> **What this task involves**:
A faithful copy is needed of the lines below from the one with "ULTRA, 19m yacht" up to and including the one with "Used 2024 GMC Terrain SLE FWD image 7"; set it down with no pictures and no other lines.

> **Material shown**:
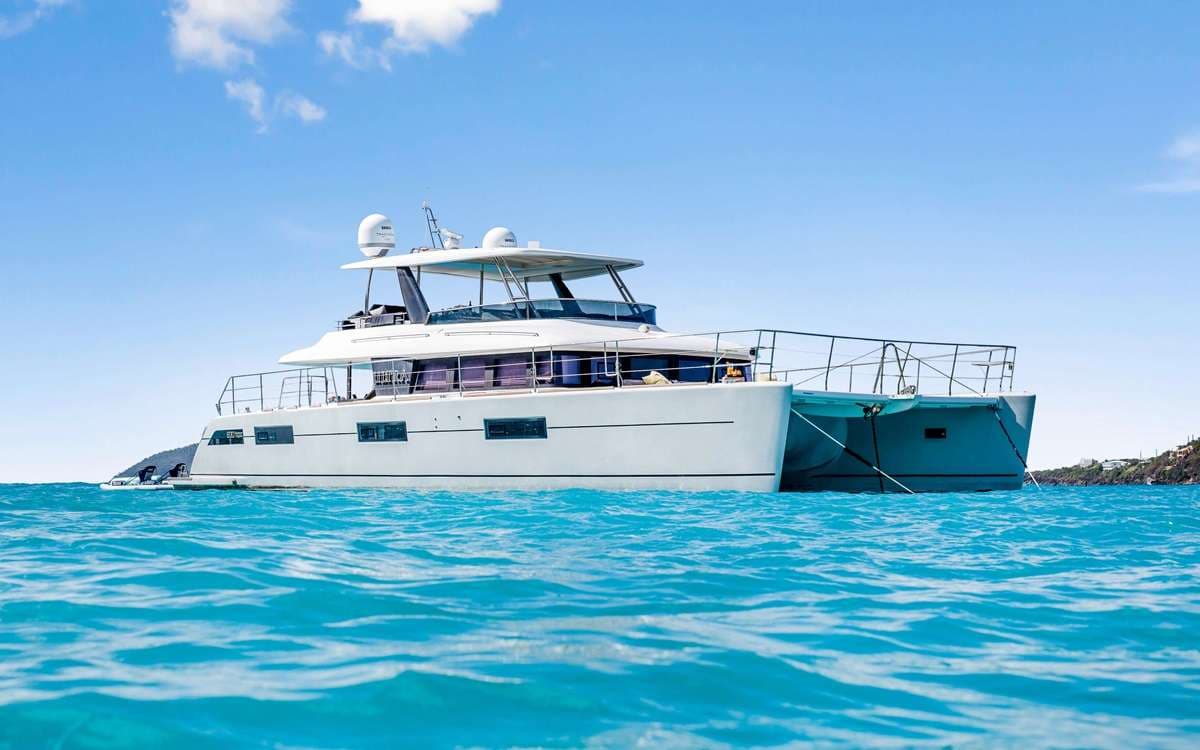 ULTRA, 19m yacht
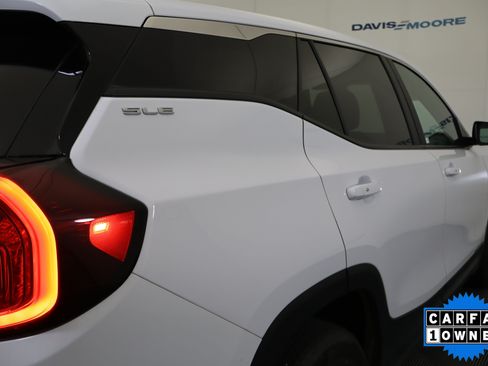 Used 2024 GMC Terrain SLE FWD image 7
---
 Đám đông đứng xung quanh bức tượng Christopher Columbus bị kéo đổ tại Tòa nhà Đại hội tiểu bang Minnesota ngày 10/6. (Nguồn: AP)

> **Result of the exercise**:
 ULTRA, 19m yacht
 Used 2024 GMC Terrain SLE FWD image 7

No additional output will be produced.